What was I besides the strength of my shadow?
I climbed up on the trains and tossed down coal.
The wind blew and merged with me, my childhood and my life, my passions and transgressions.
Even if they weren't gold, the trinkets glittered.
I often wonder how unpenitent people could live under a sky.
It was that kind of Tatyana I had come to be.
Let my father say as many harsh and stupid things as he likes,
but the skin of my hands was like fine snow.
Beloved Jug of Cream
It's cold: we must revise our dreams,
but abidingly and still perceptibly.
Oh I fell in love, and your father's mouth
made me sad, being utterly, sensing
and gripping, in prayer, but far,
far above.
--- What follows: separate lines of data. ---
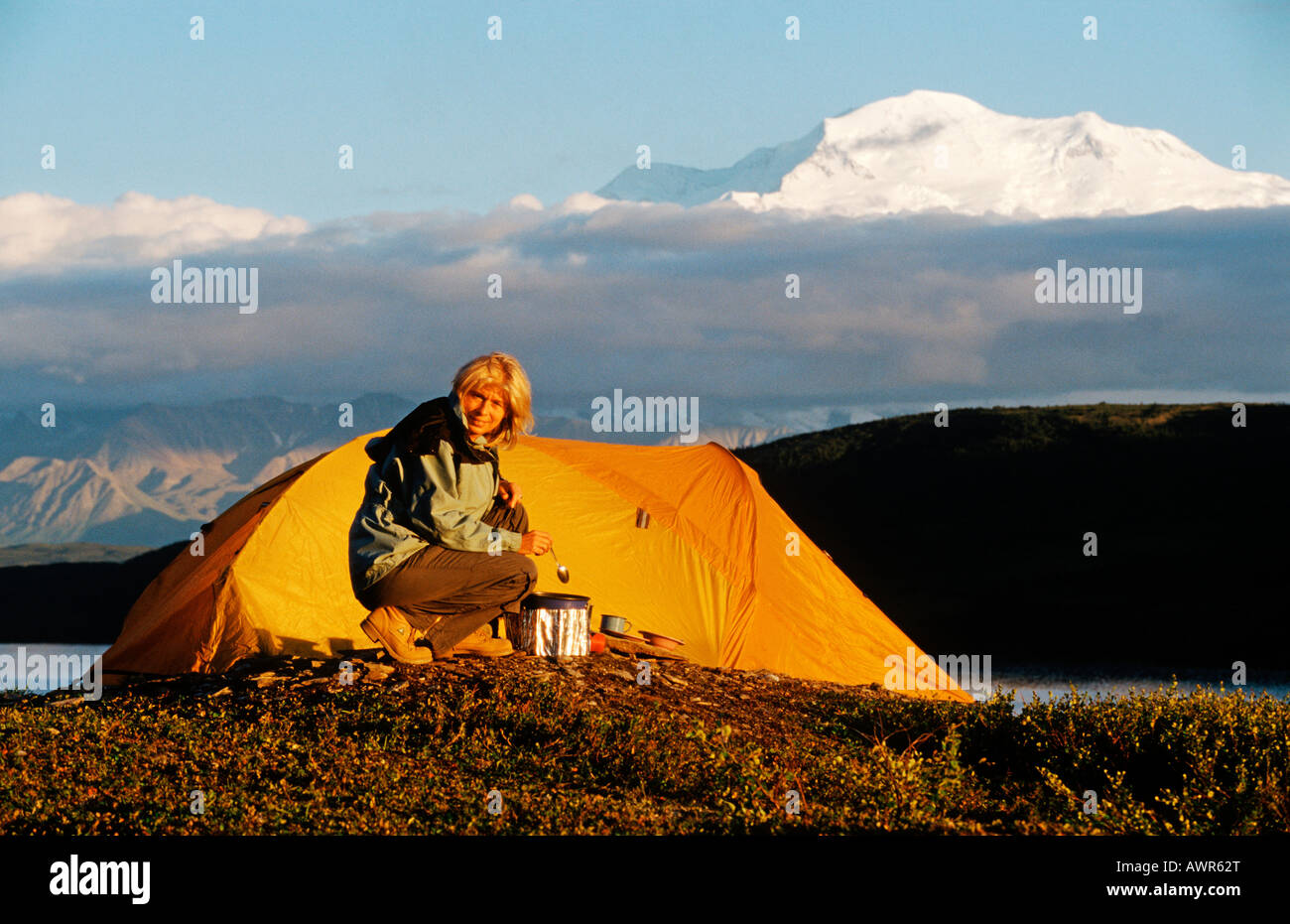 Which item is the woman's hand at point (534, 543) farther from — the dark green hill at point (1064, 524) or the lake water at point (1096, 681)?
the dark green hill at point (1064, 524)

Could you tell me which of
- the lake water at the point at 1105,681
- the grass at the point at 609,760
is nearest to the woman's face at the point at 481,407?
the grass at the point at 609,760

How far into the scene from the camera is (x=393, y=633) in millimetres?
11906

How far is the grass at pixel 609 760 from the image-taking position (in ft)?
27.2

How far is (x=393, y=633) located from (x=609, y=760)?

Suddenly, everything is different:
what was yellow is yellow, your eyes
of Silesia, pernickety, and speaking to me
in a way we've never spoken yet.
I'm quite certain, and I say this to you,
now, as an echo of that morning
when we walked among our senile teachers.
Which reminds me: do you like dogs,
or can't you? I infinitely prefer
the smallest hour, and the evenings,
when I always change into nice clothes.
But the good and the awkward slide
together, each night brings the universe,
such resemblances; I am too young
and you too imperilled, which causes
tears - hot, heavy tears. Soon it will be
August, the month we longed for
so much, and I can't help thinking
through the medium of other people's
words, as if they had been written
in freedom, sleeves rolled up, collar open.
You wore a lily in your buttonhole -
wasn't there a custom like that in olden times?
How I envied your sisters their place
on the sofa, the young beech forest
lit up by the sun. The finger I struck
on a needle yesterday is hurting.
Or is the answer really here inside us,
so long as we don't keep asking for more?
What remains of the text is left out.